[Supplied information]

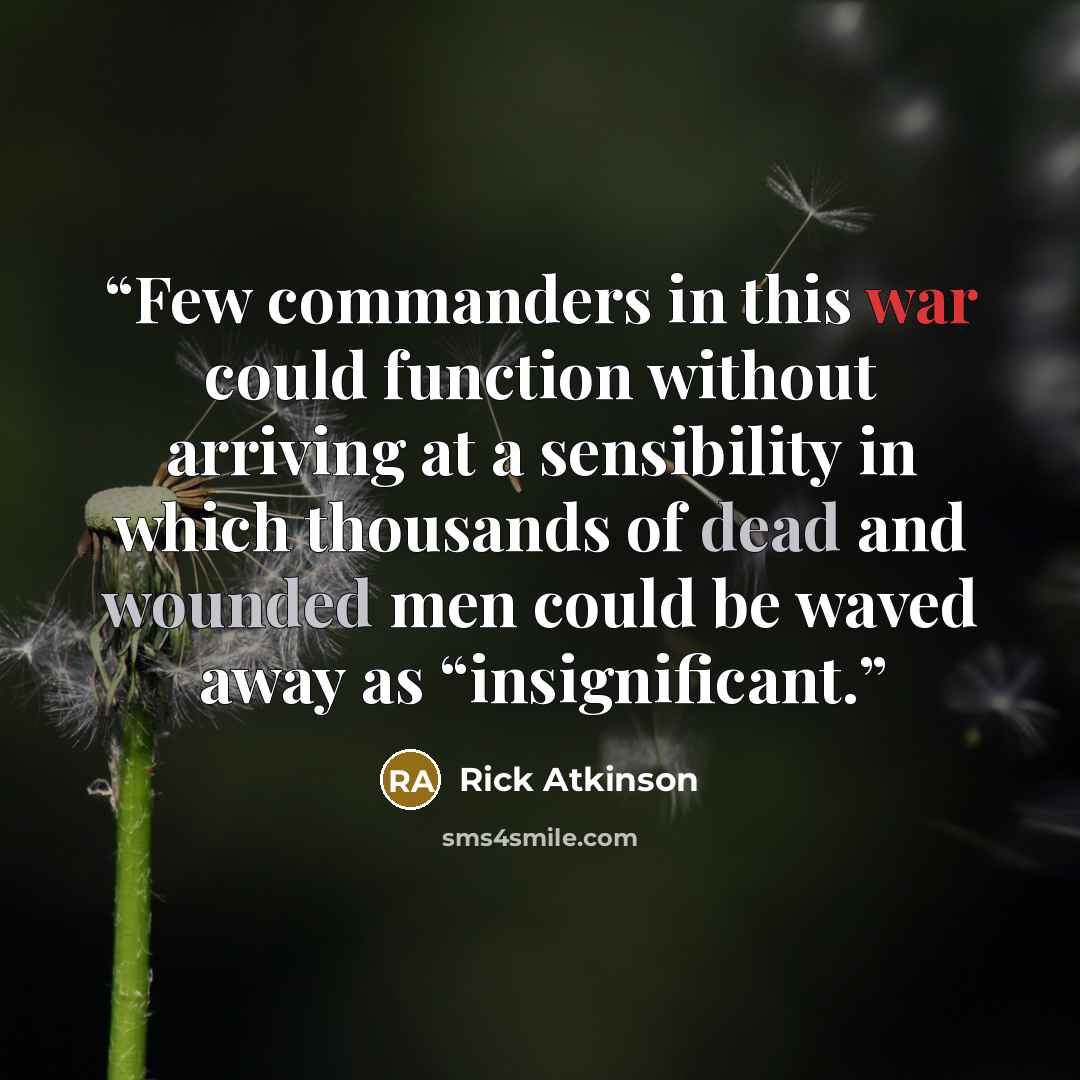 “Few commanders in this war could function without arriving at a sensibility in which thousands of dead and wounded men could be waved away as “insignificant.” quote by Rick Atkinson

[/Supplied information]
[Supplied information]

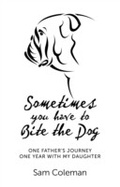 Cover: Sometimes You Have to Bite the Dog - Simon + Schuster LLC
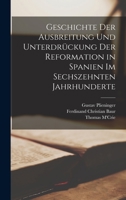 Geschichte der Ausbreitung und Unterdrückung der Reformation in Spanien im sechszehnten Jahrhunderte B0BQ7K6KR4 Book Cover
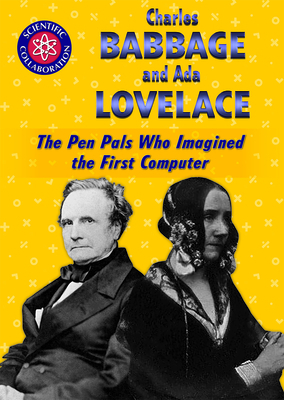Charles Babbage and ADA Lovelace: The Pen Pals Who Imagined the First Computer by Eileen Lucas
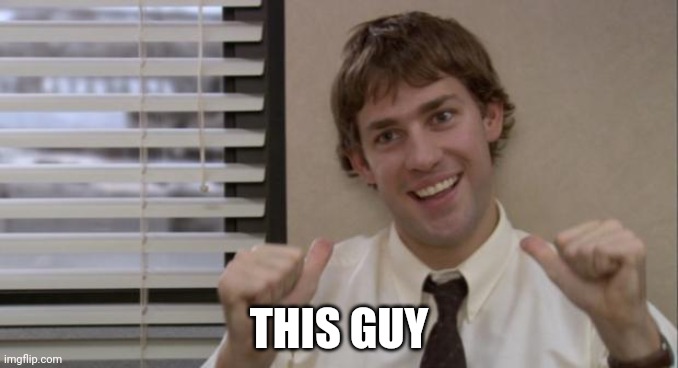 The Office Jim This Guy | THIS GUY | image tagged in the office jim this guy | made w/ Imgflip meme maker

[/Supplied information]
[Supplied information]

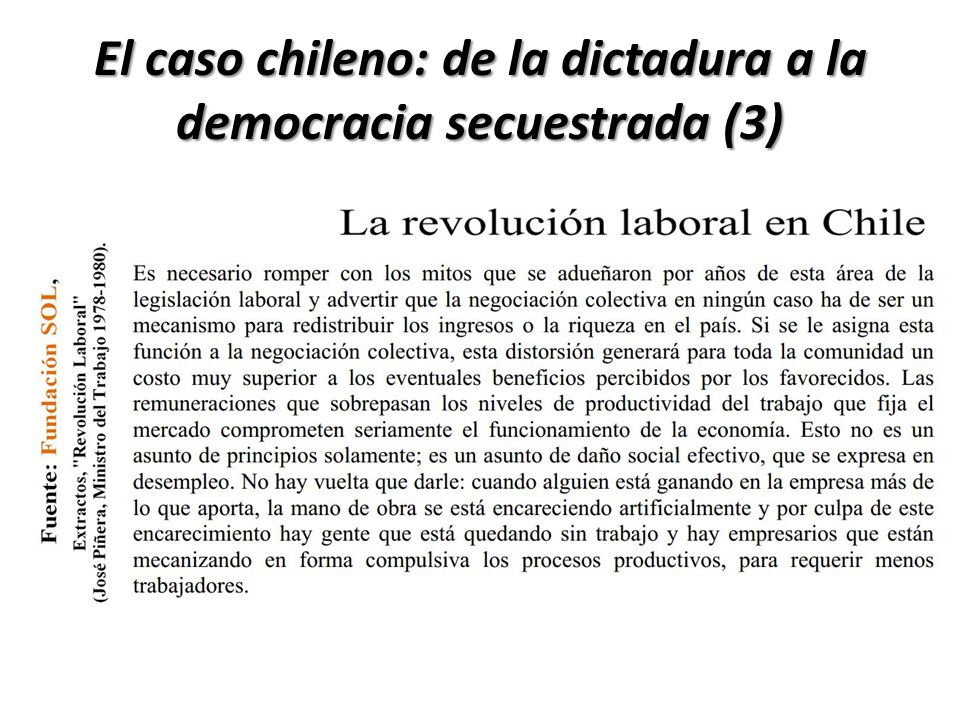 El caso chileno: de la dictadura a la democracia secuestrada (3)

[/Supplied information]

▸ Task
What is needed is an exact copy of the lines above, from the one holding "Geschichte der Ausbreitung" down to the one holding "The Office Jim This Guy | THIS", with those two included and the pictures left out.

▸ Reply to the exercise
 Geschichte der Ausbreitung und Unterdrückung der Reformation in Spanien im sechszehnten Jahrhunderte B0BQ7K6KR4 Book Cover
Charles Babbage and ADA Lovelace: The Pen Pals Who Imagined the First Computer by Eileen Lucas
 The Office Jim This Guy | THIS GUY | image tagged in the office jim this guy | made w/ Imgflip meme maker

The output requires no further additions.